IRVING, Texas — On July 11, Louie Bradley needed help. 

He had fallen in his shower and used an emergency pull switch to call for help. 

And while his neighbors called 911, help didn't arrive until it was too late. 

'I think he's dead'

Bradley lived alone at the Park Manor Apartments, a senior living community in Irving.

Inside his unit, there was a switch that sent out an alert if he needed help. 

The day he fell in the shower, Bradley pulled that switch and Rose Rodriguez, a neighbor, ran to his room. But a deadbolt on his door prevented her from getting inside to help. 

At 8:44 p.m., she called 911 for help.

“I made the first call after knocking on his door because I heard the buzzer going off,” she said. “And I knocked on his door and I said, 'Are you OK? What’s going on?'"

Rodriguez said she could hear Bradley respond with yells for help. 

"He said, ‘Help! Help!’ Yelling really with a strong, intense voice," she said. 
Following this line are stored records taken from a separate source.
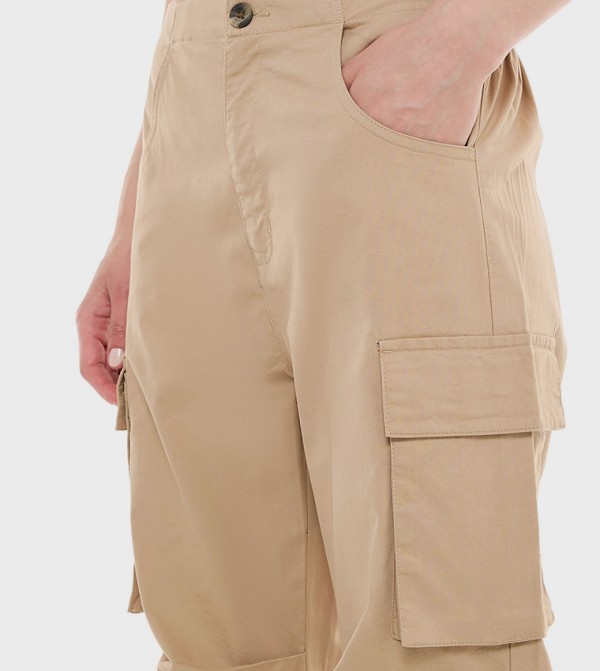 R&B Cargos - Khaki Cargos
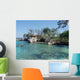Seaside Paradise Wall Decal
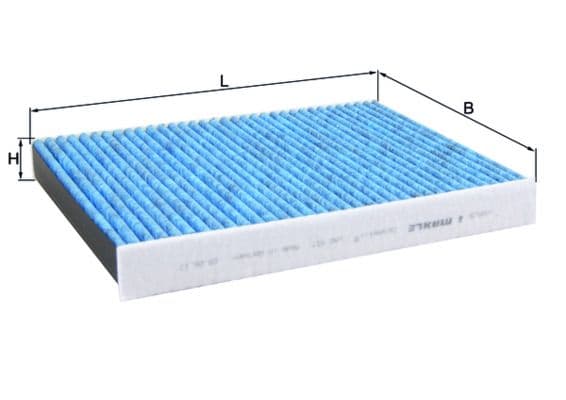Filtru, aer habitaclu MAHLE CareMetix® LAO 437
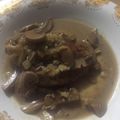 Cooksnap dari Nivy Edrian untuk resep Creamy Chicken Mushroom #keto idea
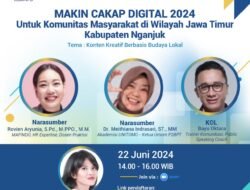 Literasi Digital Kabupaten Nganjuk
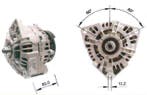 Dynamo voor MAN TGA, Ophalen of Verzenden, Nieuw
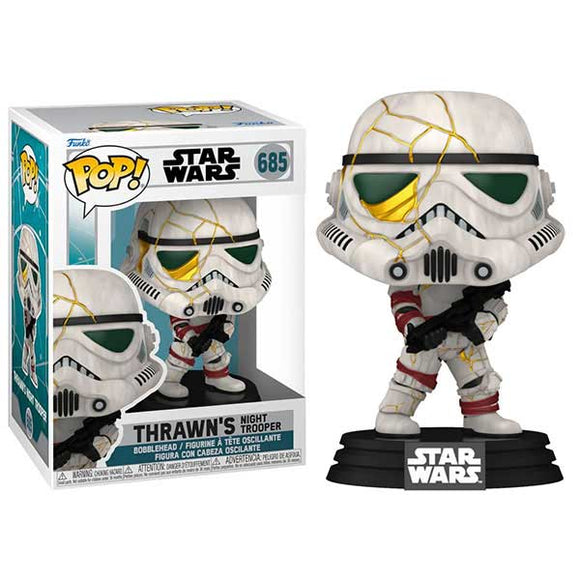 Star Wars: Ahsoka (TV) - Thrawn's Night Trooper (Gold Helmet) Pop! Vinyl Figure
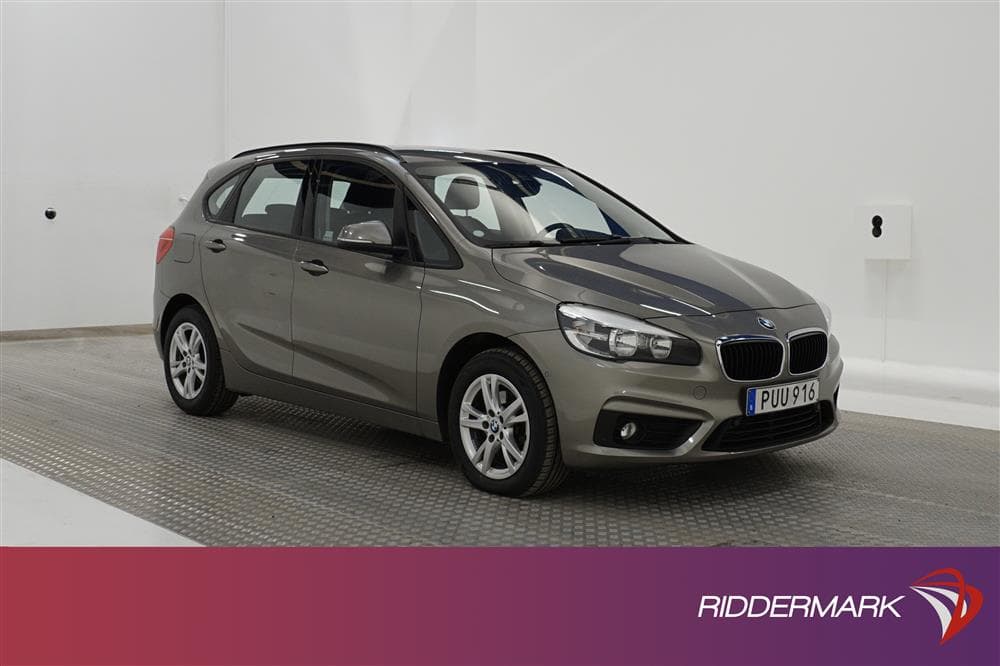 BMW 218d Active Tourer 150hk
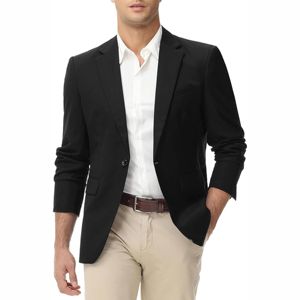 OEM Custom Style Size Color Luxury Men's Suit Made 2 Pieces Corporate Wear <b>Blazer</b> Classic Anti-wrinkle Formal Suit for Men 2026 - Product Image 1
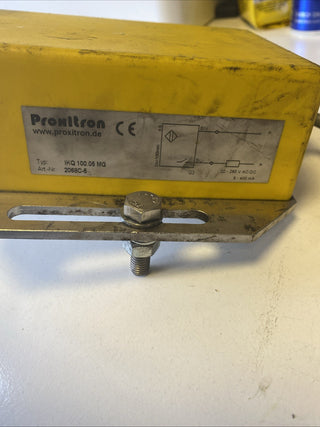 Proxitron IKQ 100.05 MG – Induktiver Näherungsschalter | 100mm Schaltabstand | G1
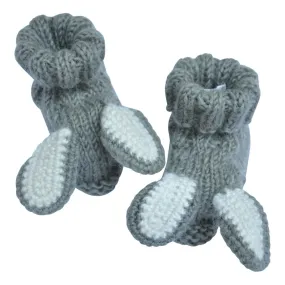 Hats Over Heels Bunny Boots Grey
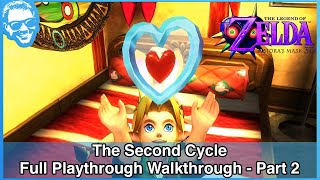 The Second Cycle - The Legend of Zelda Majoras Mask 3D Walkthrough - Part 2 [4k]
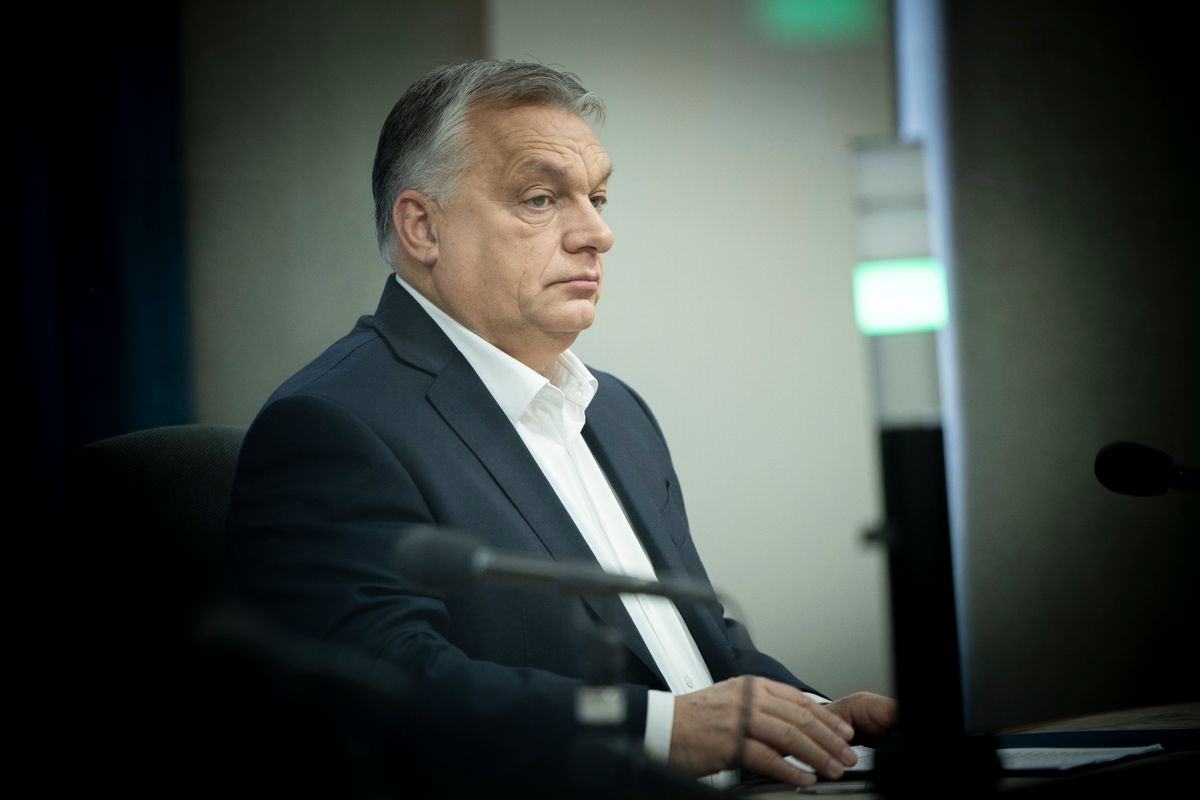 Orbán Viktor (Fotó: Fischer Zoltán / MTI/Miniszterelnöki Sajtóiroda)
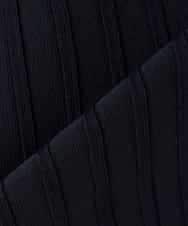 K2CFD06054 a.v.v(アー・ヴェ・ヴェ) プリーツ編みVネックニットカーディガン グリーン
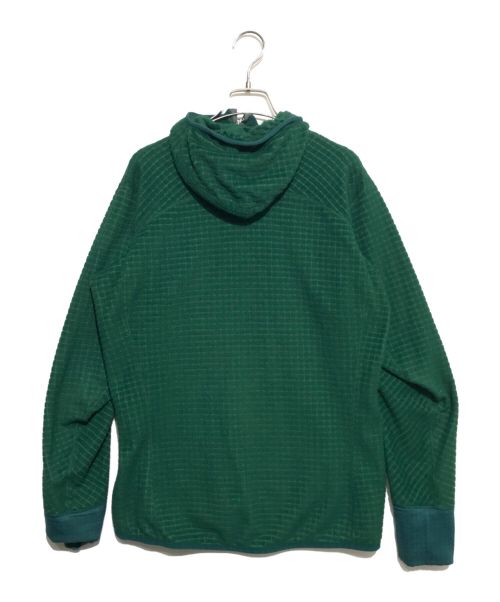 Patagonia（パタゴニア）Patagonia (パタゴニア) リバーシブルフリースジャケット グリーン サイズ:無しの古着・服飾アイテム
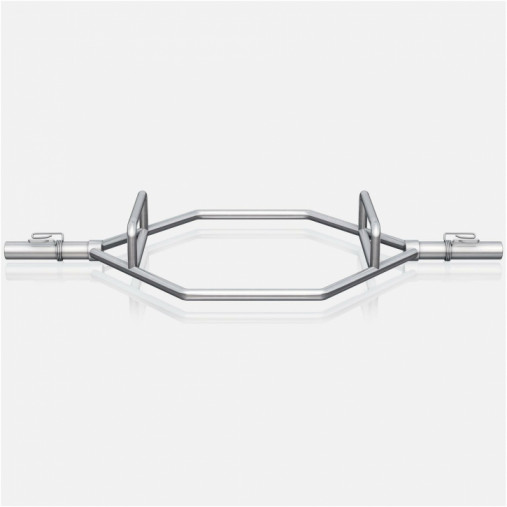 Гриф олимпийский Трэп PERFORM BETTER Olympic Combo Hex Bar длина 142 см, вес 23 кг Гриф олимпийский Трэп PERFORM BETTER Olympic Combo Hex Bar длина 142 см, вес 23 кг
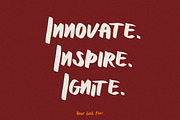 Midnight - Modern Display Font, a Sans Serif Font by Luna Shop (Thumbnail 4 of 6)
But when Irving police didn't show up 11 minutes later, she called 911 again at 9:05 p.m. 

She said Bradley was still calling out for help. 

"And I said, 'Don’t worry. We’re getting you someone, relax,'" Rodriguez said. "And I heard him say, 'Thank you.'"

At 9:06 p.m., the apartment manager called 911. Four minutes later, the manager called again. 

The manager told 911 that the emergency pull cord was still buzzing and Bradley hadn't received help. 

Losing all hope, at 9:12 p.m., Rodriguez tried calling one more time. This was the fifth 911 call. 

Rodriguez said she continued to talk with Bradley.

“I said, 'Someone’s on the way,'" she recalled. "And I heard a little beep of a voice. I knew there was nothing."

Rodriguez said she walked to the lobby of the apartment and told her husband, "Baby, I think he's dead."

Help didn’t show up for an hour.

So what happened?

“I feel horrible,” said Irving Police Chief Jeff Spivey. “Ninety-nine-point-nine percent of the time we do better. This time we didn’t.”

The police chief said that his officers did respond to the Park Manor Apartments minutes after the initial 911 call. But there was one big problem. There are two buildings and they went to the wrong one.

“Our call taker took the call and entered the location by name instead of by address,” Spivey said. "And when that name or that address populated, it populated with the address of 2934, apartment number 131. Where Mr. Bradley actually lived was 2930, apartment number 131.”

By chance, in the other apartment building, in unit 131, lives a man with a dog. 

When police arrived, they were looking for a man and a dog. When they found him and saw he was OK, they thought that call was over. But it was the wrong man, and Bradley was trapped inside his unit dying in the other building.

“After they leave, they continue to get calls and our call taker continues to say 'No, our officers went out there. They talked to the resident who was there,'" Spivey said. "Nobody had malice, nobody intentionally not doing their job. It was a true case of miscommunication, and it led to this tragic outcome.”

When did help show up?

At 9:36 p.m., six 911 calls later and nearly an hour after the initial call, residents came up with a new idea. They called it in as a fire.

Bradley's best friend, Larry Zink, said the fire alarms were going off.

“When I turned and I saw him call I said, ‘He’s got it wrong. It's not a fire,'" Rodriguez said. "And then I thought to myself, 'Good, maybe someone will come.'"

Minutes later, responders with the Irving Fire Department showed up.

“They all couldn’t get in the door and it took, I want to say, a good 20 minutes or so to break the door down," Rodriguez said. "They tried everything they could and they got in."

She said they were inside for a while before they stepped out to give them an update. 

"I asked, 'How is he?' And they looked down," Rodriguez said. "One of them looked at me and said, 'Not good.'"

Bradley was pronounced dead inside his unit.

His friends were devastated.

“He died in an awful way," said friend Wendy Greenleaf. “He should have been treated better.”

“I pass through there every so often and think this should not have happened," Rodriguez said. "This should not have happened. Granted, he was an elderly gentleman, but he still had a lot of life in him.”

After Bradley's death

Spivey said when he learned of the case, he immediately launched an investigation. 

After the investigation was completed, 911 dispatchers and police officers involved in the response were disciplined, the Irving police department said. However, they said they couldn't disclose the specifics of who and how they were disciplined. 

Spivey said he also met with Bradley's family.

“Not making any excuses for what we did, and not trying to cover it up," he said. "We could do better. I offer my deepest apology, my sympathy, and hope to never have this happen again.”